Brand on the Run

By Cameron Advertising

Olive Garden’s new logo, a central element of its proclaimed “brand Renaissance,” is leaving a bad taste in the mouths of, well . . . nearly everyone. Investors are folding their napkins and running from the table: shares of parent company Darden Restaurants are already down over 10% in 2014.

As for social media, reaction ranged from: “. . .the new logo’s script is terrible. It looks like a Design 1 student project.” To: “My theory is Olive Garden was drunk at a poker game and lost a crazy bet and now has to use that new logo.” To: “. . . looks like something off a crockpot from the 1970’s.” To: “. . . looks like it was drawn with a breadstick.” Not to pile on, but our consensus opinion at the agency: that is one ugly font.
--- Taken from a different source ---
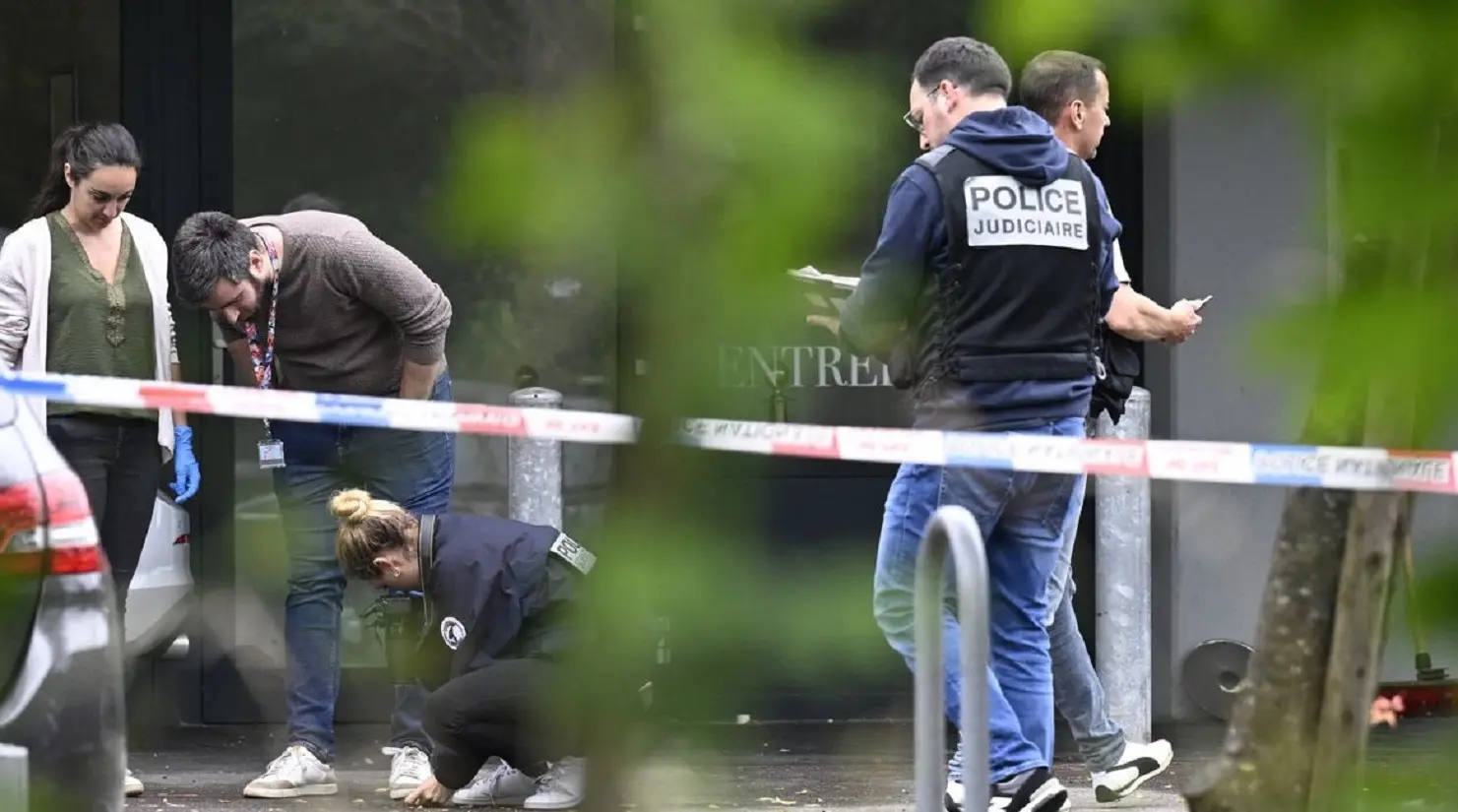 Sparatoria a un matrimonio in Provenza: uccisa la sposa, ferito bambino di 13 anni Sparatoria a un matrimonio in Provenza: uccisa la sposa, ferito bambino di 13 anni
The larger question is will the rebranding, along with a revamped menu, save the ailing chain? Olive Garden, along with Darden’s other flagship entry in the casual dining category, Red Lobster, has been in freefall. Customer traffic declined as much as 13 percent at Olive Garden in December and 19 percent at Red Lobster in January. It’s emblematic of the casual dining category as a whole, which is falling victim to the current trends in consumers’ spending and eating habits.

Like so many segments of consumer spending, the higher and lower ends are where the dollars are going now. The middle is disappearing. If diners are going to spring for dinner at a sit-down restaurant, they want food worth going out for. (Darden’s higher-end restaurants, Capital Grille, Yard House and others, are doing fine.) The casual dining paradigm – middle-of-the-road food plus the extra cost of tipping your waiter – doesn’t match consumers’ needs. Not surprisingly, fast-casual restaurants, featuring fast-food speed with higher-quality food and no waiters to tip (e.g., Chipotle), are booming.

The lesson is simple: know the trends of your industry. If your product or service doesn’t meet your customers’ evolving needs, they won’t swallow it.